Pun dengan pernyataan menarik Rodgers saat menerima penghargaan Manajer Terbaik versi LMA. Dia berkata lebih memilih berada di bus tak beratap pada malam itu ketimbang menerima penghargaan. Ya, terlepas dari pelbagai pernyataan bijak khas sang manajer, sakit hati dan kekecewaan jelas ada di hatinya. Pelik, sakit.

Pagi itu berjalan begitu lambat. Tamparan di hati Don mengakibatkan sakit yang bertahan lama. Bukan tak bersyukur, tapi Don adalah sosok yang penuh mimpi dan harapan. Dia tahu, tak akan mudah bagi Liverpool untuk mengalami musim yang sama seperti musim ini. Tamparan hati yang lebih terasa ketimbang tamparan di pipi.

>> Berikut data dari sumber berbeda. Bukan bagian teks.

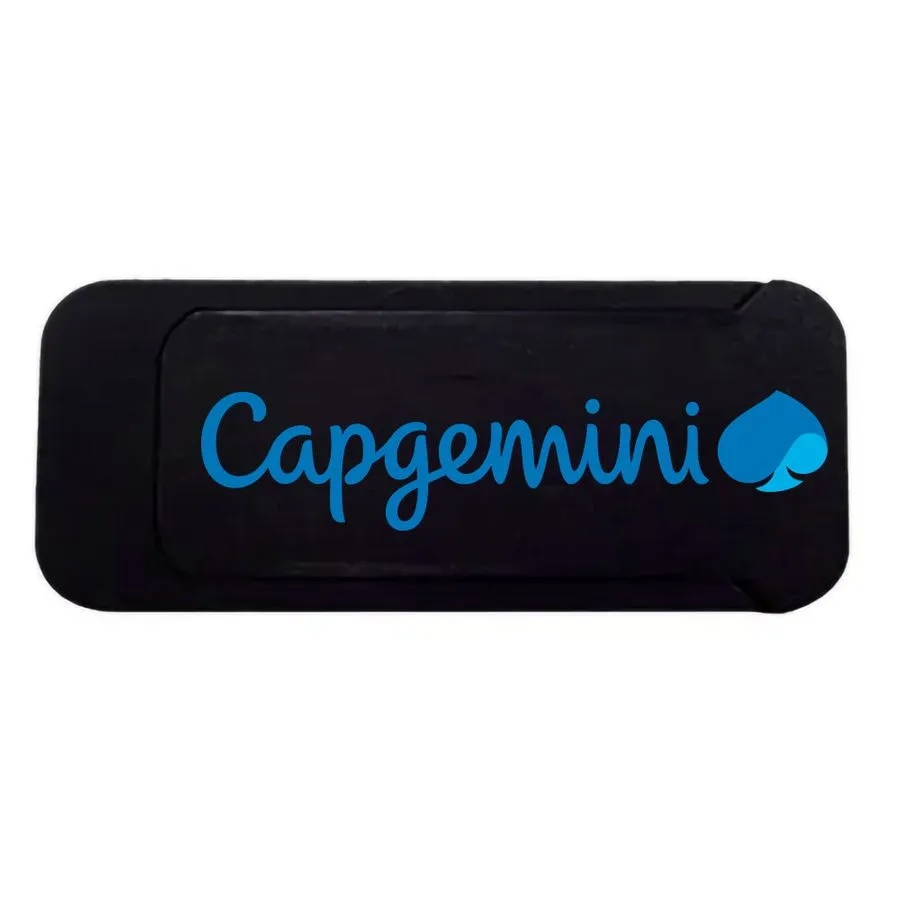Universal Fine Webcam Cover 3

Ya, setidaknya ini adalah tamparan pelajaraan. Tak ada tamparan yang satu rasa dengan kecupan, tetapi, efek sebuah tamparan bisa jauh lebih positif untuk pembelajaran ketimbang kecupan yang berujung peraduan di ranjang.

Tamparan yang tak hanya dirasakan Don, tetapi seluruh fans Liverpool, dari yang mencoba sabar dan menghibur diri, hingga yang menangis sesenggukan penuh kekecewaan. Tamparan ini juga dirasakan seluruh pemain dan staf The Reds. Mengalami musim istimewa, membuat pelbagai rekor menawan, tetapi gagal mengangkat mimpi dan harapan selama 24 tahun. Tampar biar Sadar!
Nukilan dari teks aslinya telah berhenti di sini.